Inflation readings on Tuesday suggested that British pockets will remain squeezed ahead of the Christmas shopping season, as consumer prices continued growing steadily by 3.0% in October, potentially flagging another disappointing month for retailers. With Brexit negotiations trapped in a deadlock and British real wage growth showing no signs of a significant rise, annual retail sales in October are expected to post a negative performance on Thursday, reducing the odds of another interest rate hike this year and therefore deteriorating the outlook for the British pound.
Analysts forecast retail sales to contract in October for the first time since April 2013, declining by 0.6% y/y after rising by 1.2% in September. Recall that September’s reading, which constituted the weakest growth observed since June, drove the quarterly gauge to a four-year low of 1.5%. Month-on-month, though, household spending is anticipated to recover by 0.1% following a fall of 0.8% in the previous month. Excluding auto sales and fuel, the core equivalent is estimated to slip by 0.4% y/y compared to a rise of 1.6% seen previously.
A monthly report published by the British Retail Consortium last week gave the first signs of a slowing retail sector, with like-for-like sales sinking by 1.0% in October, offsetting to a large extent the 1.9% growth seen in September.

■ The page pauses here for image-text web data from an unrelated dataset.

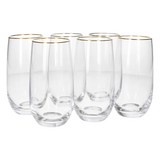 Danny Home Gold Rim Long Glass 6 Pieces Set 490ml at Zubaidas Homestore Pakistan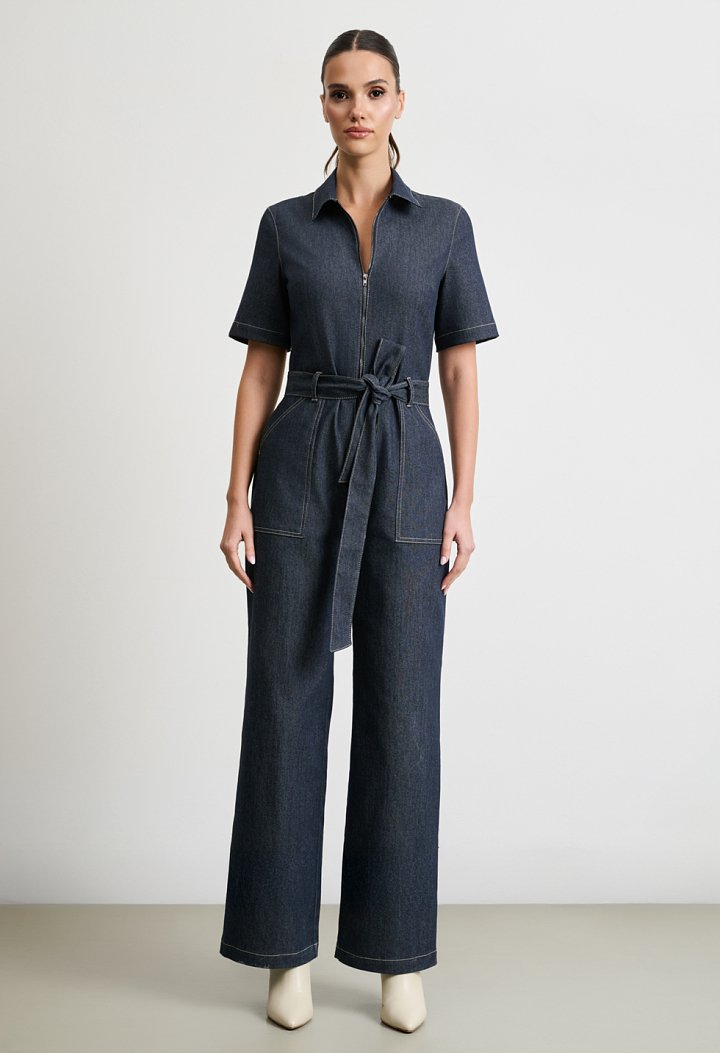 Denim jumpsuit with belt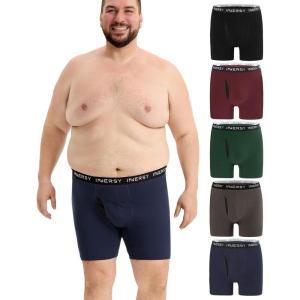 imageINNERSY Mens Big and Tall Boxer Briefs Stretch Cotton Moisture Wicking Underwear 5PackDark Retro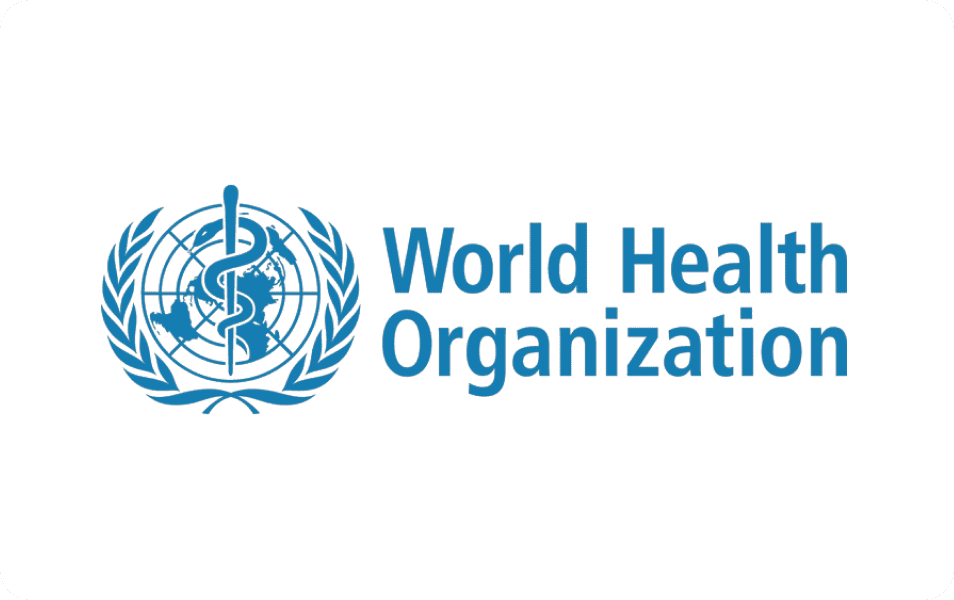 World Health Organisation logo in its brand colours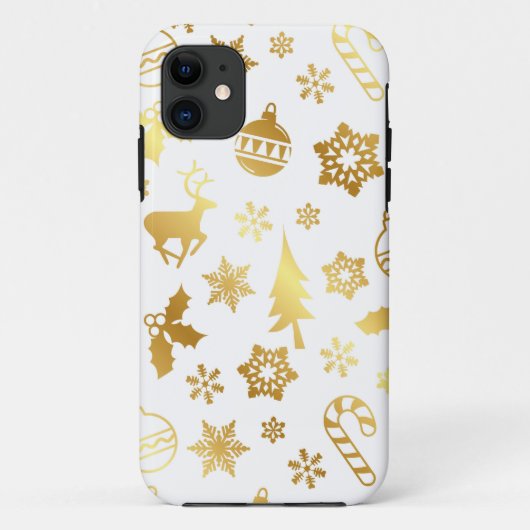 金ゴールドエレガントクリスマスプリントiPhoneケース Case-Mate iPhoneケース (裏面)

In-store sales of non-food products decreased by 2.9% over the three months to October, reaching a record low since the start of the survey in 2012. Overall, though, the survey revealed a 0.2% annual growth in the industry.

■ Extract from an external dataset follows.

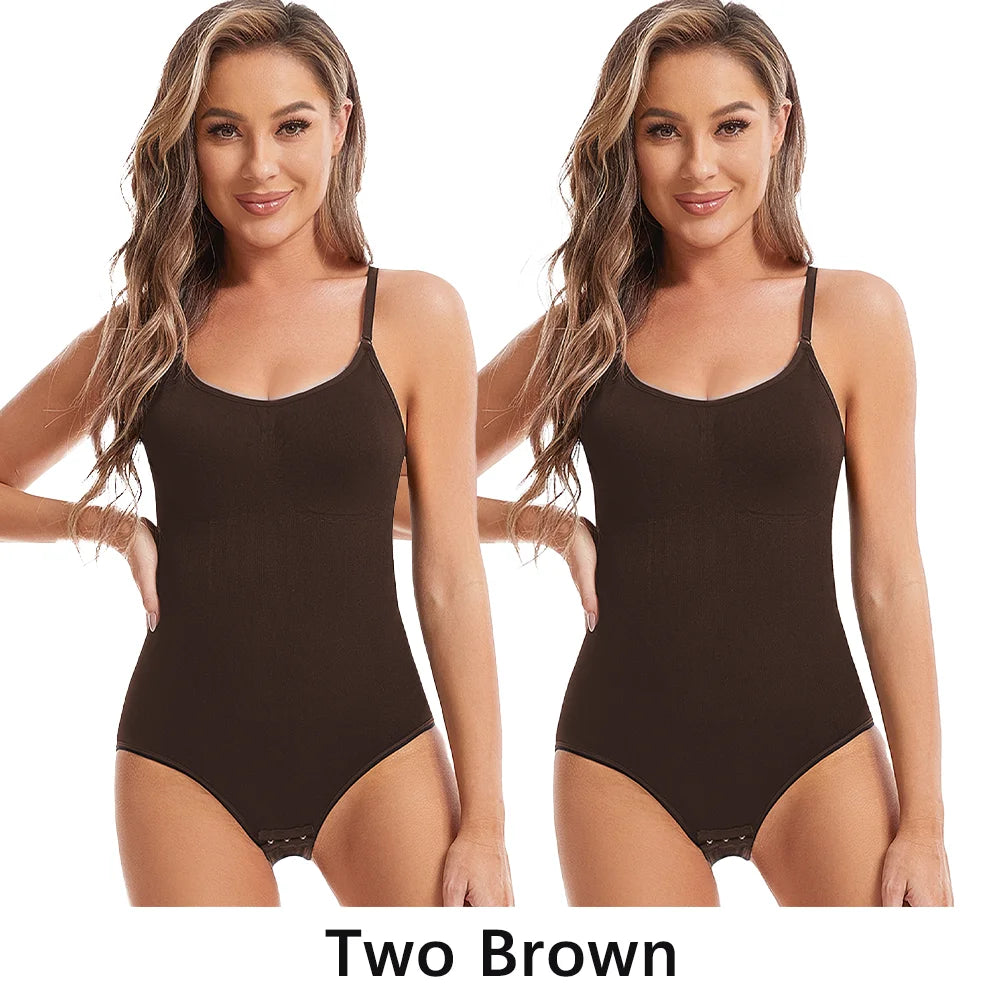 Bundle of 2 seamless slimming shapewear bodysuits in brown worn by model – REYVA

Although the British economy has to a large extent weathered the negative forecasts following the Brexit vote, uncertainty on the Brexit front firmly remains on the table, clouding the outlook. The UK and the EU Brexit negotiators have failed to reach sufficient progress in the talks, raising the probability of a cliff-edge scenario for business leaders. Lacking clarity on the UK’s future relationship with the block, firms are reluctant to pay higher wages but instead are prepared to exercise their contingency plans in case of a "hard" or no-deal Brexit. Hence, consumers might cut back on spending as their budgets come under pressure.

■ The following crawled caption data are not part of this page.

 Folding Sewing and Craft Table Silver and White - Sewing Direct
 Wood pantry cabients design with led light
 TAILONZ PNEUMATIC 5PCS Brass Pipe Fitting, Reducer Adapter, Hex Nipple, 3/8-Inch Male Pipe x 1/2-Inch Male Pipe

Unless actual numbers beat forecasts, the pound will likely move downwards to meet support at the previous bottom at 1.3023. Any violation of this point might also open the way towards August’s low of 1.2770.
Alternatively, better-than-expected readings could see the 50-day simple moving average of 1.3253 and the previous top at 1.3337 acting as resistance, while a bigger positive deviation from estimates would shift focus to the 1.35 key-level (previously a support level).